Segment Start: SUPPLIED MATERIAL

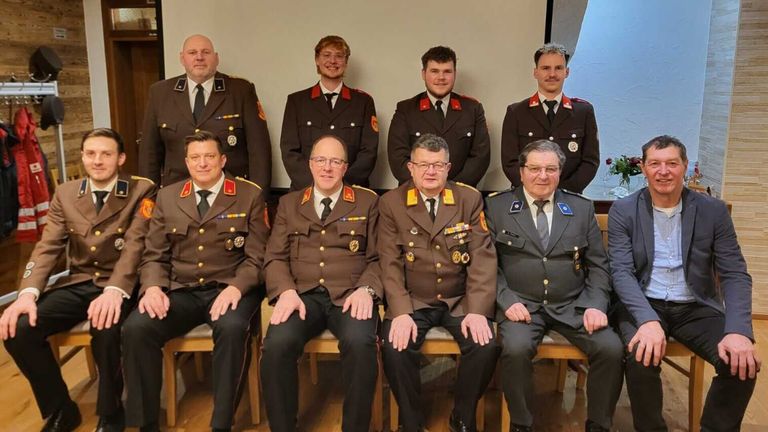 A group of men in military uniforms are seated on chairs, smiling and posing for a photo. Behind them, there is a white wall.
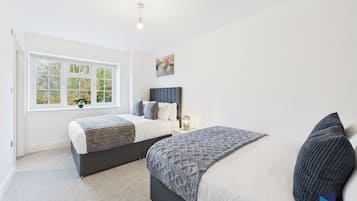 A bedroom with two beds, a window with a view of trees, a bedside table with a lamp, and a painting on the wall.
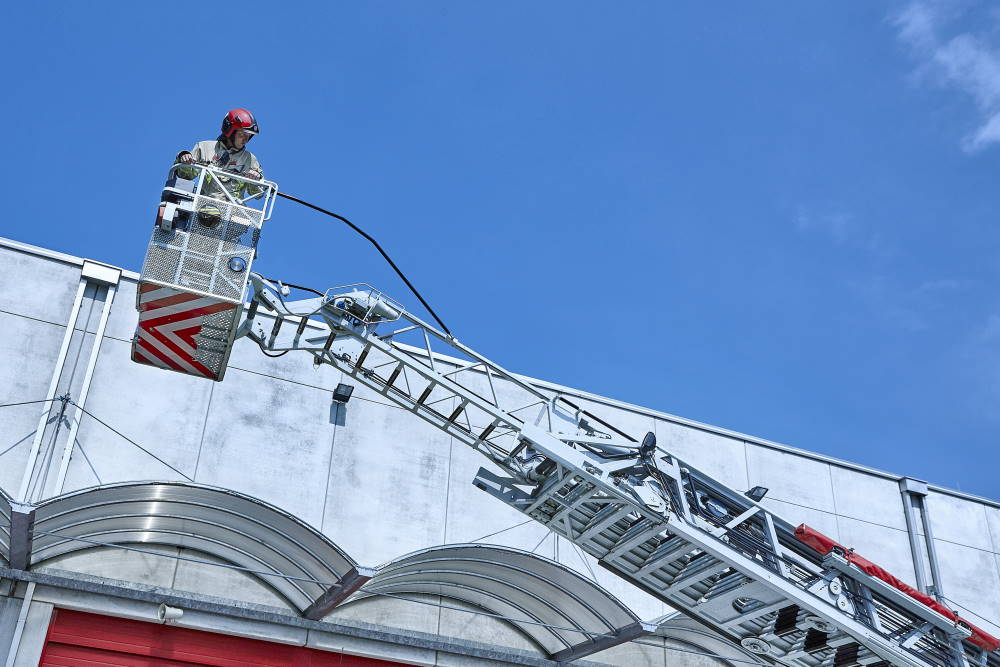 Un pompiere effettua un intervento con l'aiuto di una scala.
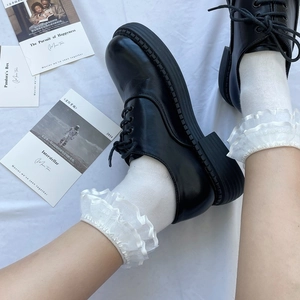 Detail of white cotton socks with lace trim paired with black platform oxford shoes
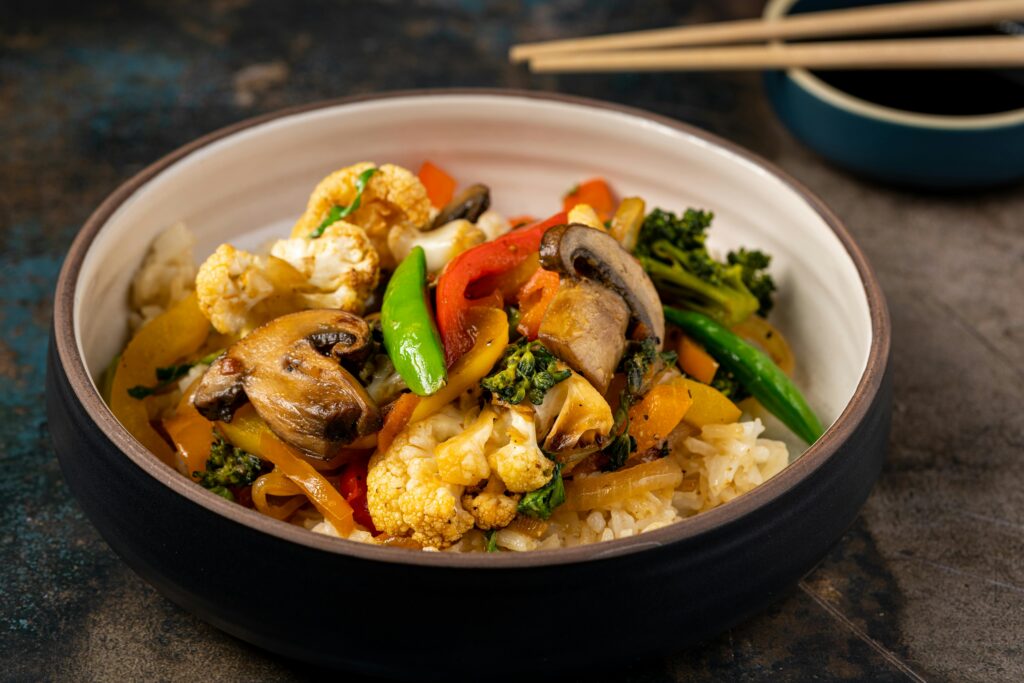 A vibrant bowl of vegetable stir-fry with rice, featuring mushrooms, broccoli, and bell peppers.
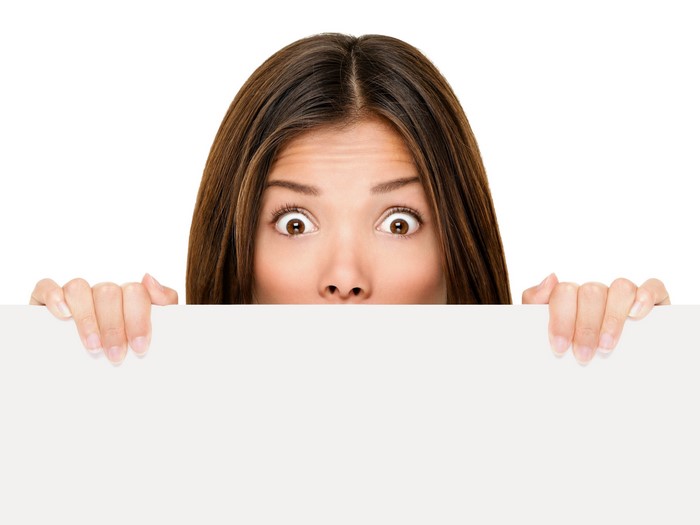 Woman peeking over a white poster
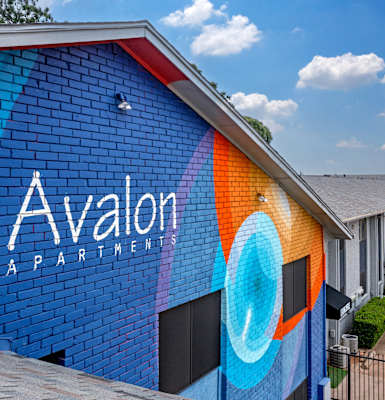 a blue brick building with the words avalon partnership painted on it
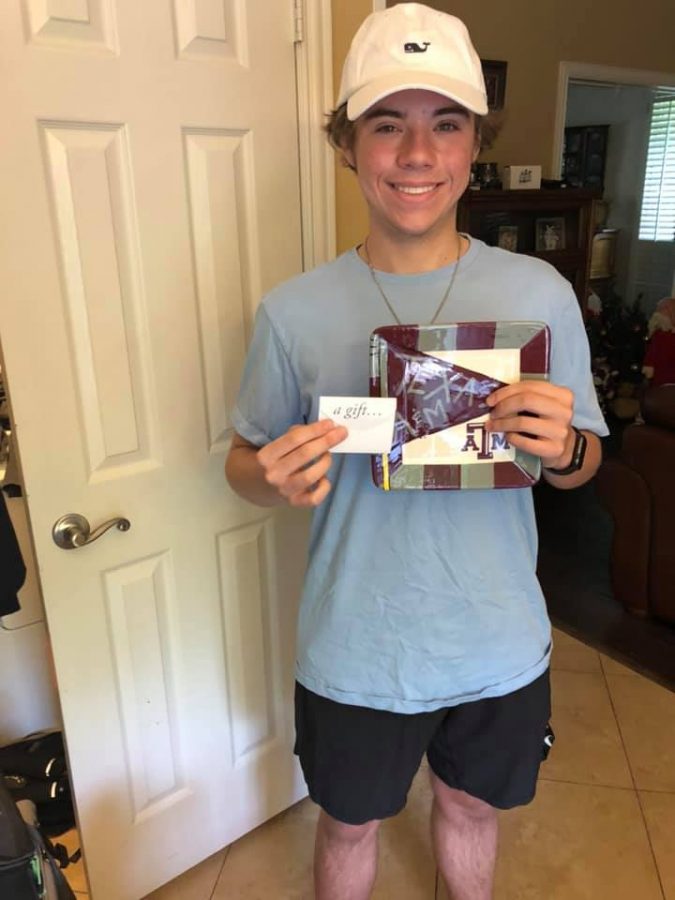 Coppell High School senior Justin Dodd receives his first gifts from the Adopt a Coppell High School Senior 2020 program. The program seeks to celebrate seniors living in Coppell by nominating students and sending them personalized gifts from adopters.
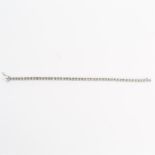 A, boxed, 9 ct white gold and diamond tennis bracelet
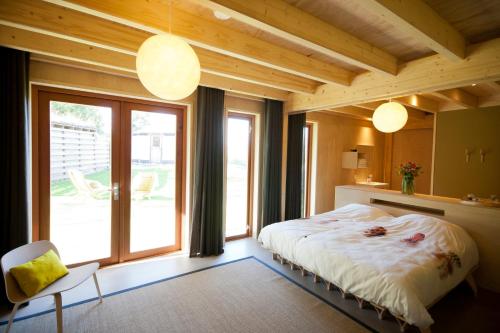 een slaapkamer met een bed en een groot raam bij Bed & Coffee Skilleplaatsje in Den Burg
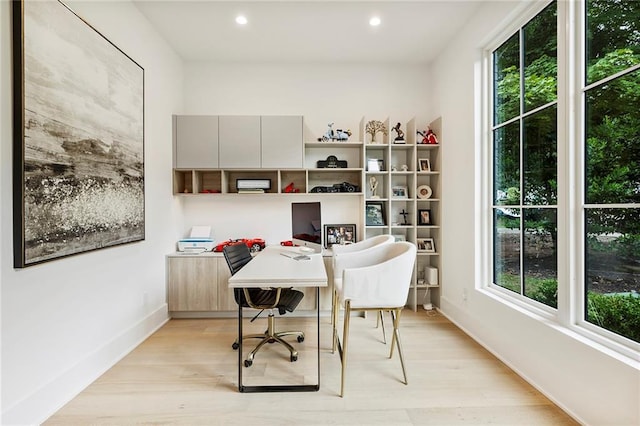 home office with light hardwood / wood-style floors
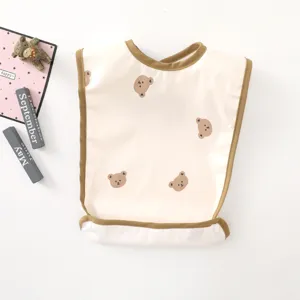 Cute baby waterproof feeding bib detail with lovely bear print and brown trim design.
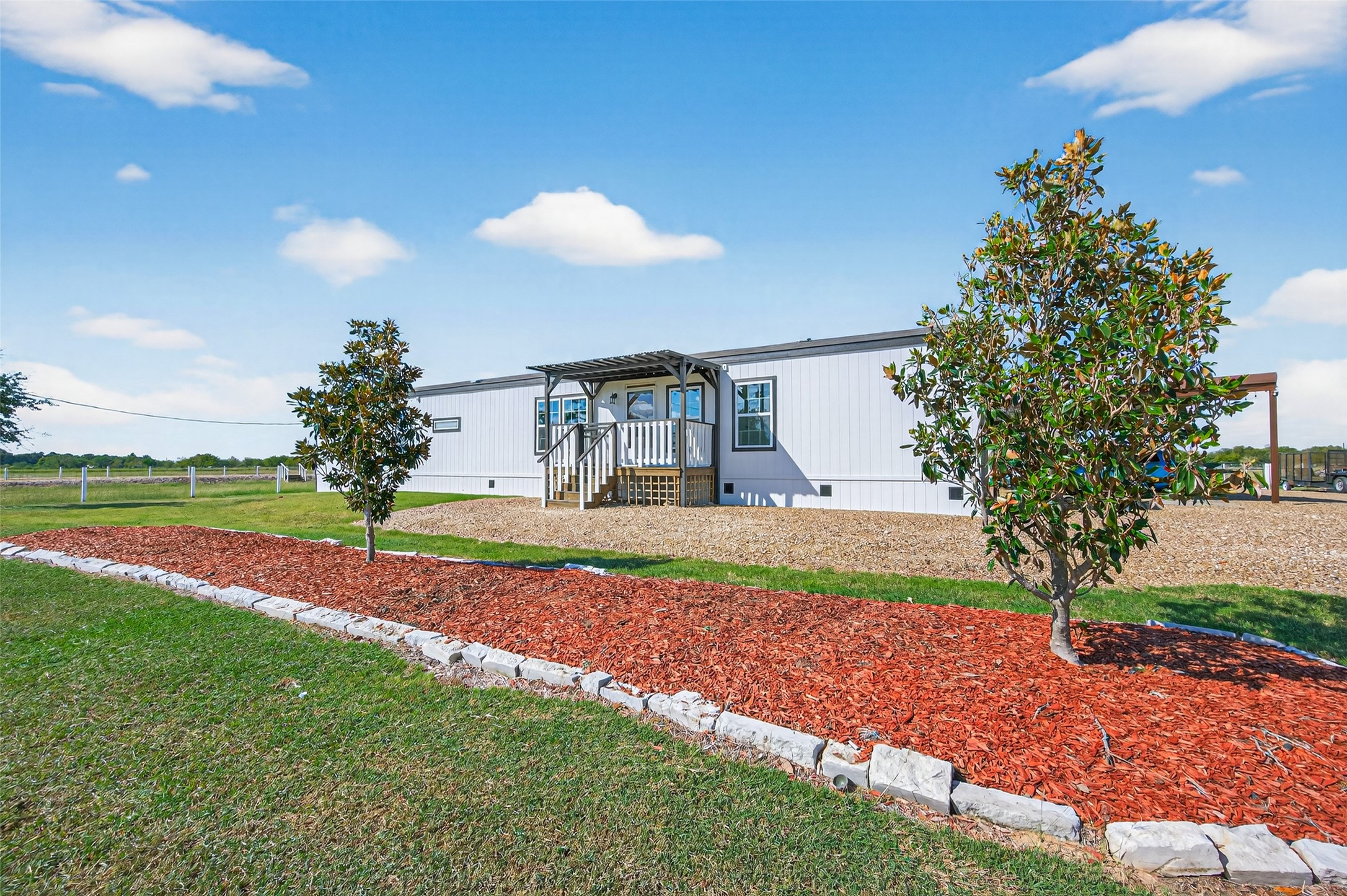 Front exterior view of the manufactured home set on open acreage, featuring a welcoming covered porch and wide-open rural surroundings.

Segment End: SUPPLIED MATERIAL

[BRIEF]: Restate the entries above word for word, keeping pictures out of the copy.

[TASK RESULT]:
 A group of men in military uniforms are seated on chairs, smiling and posing for a photo. Behind them, there is a white wall.
 A bedroom with two beds, a window with a view of trees, a bedside table with a lamp, and a painting on the wall.
 Un pompiere effettua un intervento con l'aiuto di una scala.
 Detail of white cotton socks with lace trim paired with black platform oxford shoes
 A vibrant bowl of vegetable stir-fry with rice, featuring mushrooms, broccoli, and bell peppers.
 Woman peeking over a white poster
 a blue brick building with the words avalon partnership painted on it
 Coppell High School senior Justin Dodd receives his first gifts from the Adopt a Coppell High School Senior 2020 program. The program seeks to celebrate seniors living in Coppell by nominating students and sending them personalized gifts from adopters.
 A, boxed, 9 ct white gold and diamond tennis bracelet
 een slaapkamer met een bed en een groot raam bij Bed & Coffee Skilleplaatsje in Den Burg
 home office with light hardwood / wood-style floors
 Cute baby waterproof feeding bib detail with lovely bear print and brown trim design.
 Front exterior view of the manufactured home set on open acreage, featuring a welcoming covered porch and wide-open rural surroundings.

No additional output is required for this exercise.